### WHAT TO DO:
Your answer should be the full set of entries, given again without alteration.

[Stored data]
☆ ☆ ☆ ☆ ☆ ☆ ☆

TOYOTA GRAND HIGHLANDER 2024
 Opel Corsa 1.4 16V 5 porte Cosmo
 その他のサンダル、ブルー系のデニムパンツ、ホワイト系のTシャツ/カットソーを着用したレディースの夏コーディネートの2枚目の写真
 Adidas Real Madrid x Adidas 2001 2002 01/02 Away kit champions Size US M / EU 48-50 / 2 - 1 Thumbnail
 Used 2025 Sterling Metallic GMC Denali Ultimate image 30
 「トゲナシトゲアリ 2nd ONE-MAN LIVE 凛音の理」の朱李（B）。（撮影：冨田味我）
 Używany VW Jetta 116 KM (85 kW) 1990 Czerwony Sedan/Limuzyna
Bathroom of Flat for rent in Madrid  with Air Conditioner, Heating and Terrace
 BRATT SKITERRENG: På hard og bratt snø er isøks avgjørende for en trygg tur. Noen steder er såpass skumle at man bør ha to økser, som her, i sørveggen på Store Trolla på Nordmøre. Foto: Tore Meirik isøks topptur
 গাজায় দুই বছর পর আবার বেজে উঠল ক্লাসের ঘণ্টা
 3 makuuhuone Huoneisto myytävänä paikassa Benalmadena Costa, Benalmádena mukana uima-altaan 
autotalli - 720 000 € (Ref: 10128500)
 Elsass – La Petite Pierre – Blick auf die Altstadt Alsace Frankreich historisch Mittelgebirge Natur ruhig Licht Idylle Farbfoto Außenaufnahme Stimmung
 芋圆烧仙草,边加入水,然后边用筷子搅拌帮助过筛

☆ ☆ ☆ ☆ ☆ ☆ ☆

### RESPONSE BOX:
TOYOTA GRAND HIGHLANDER 2024
 Opel Corsa 1.4 16V 5 porte Cosmo
 その他のサンダル、ブルー系のデニムパンツ、ホワイト系のTシャツ/カットソーを着用したレディースの夏コーディネートの2枚目の写真
 Adidas Real Madrid x Adidas 2001 2002 01/02 Away kit champions Size US M / EU 48-50 / 2 - 1 Thumbnail
 Used 2025 Sterling Metallic GMC Denali Ultimate image 30
 「トゲナシトゲアリ 2nd ONE-MAN LIVE 凛音の理」の朱李（B）。（撮影：冨田味我）
 Używany VW Jetta 116 KM (85 kW) 1990 Czerwony Sedan/Limuzyna
Bathroom of Flat for rent in Madrid  with Air Conditioner, Heating and Terrace
 BRATT SKITERRENG: På hard og bratt snø er isøks avgjørende for en trygg tur. Noen steder er såpass skumle at man bør ha to økser, som her, i sørveggen på Store Trolla på Nordmøre. Foto: Tore Meirik isøks topptur
 গাজায় দুই বছর পর আবার বেজে উঠল ক্লাসের ঘণ্টা
 3 makuuhuone Huoneisto myytävänä paikassa Benalmadena Costa, Benalmádena mukana uima-altaan 
autotalli - 720 000 € (Ref: 10128500)
 Elsass – La Petite Pierre – Blick auf die Altstadt Alsace Frankreich historisch Mittelgebirge Natur ruhig Licht Idylle Farbfoto Außenaufnahme Stimmung
 芋圆烧仙草,边加入水,然后边用筷子搅拌帮助过筛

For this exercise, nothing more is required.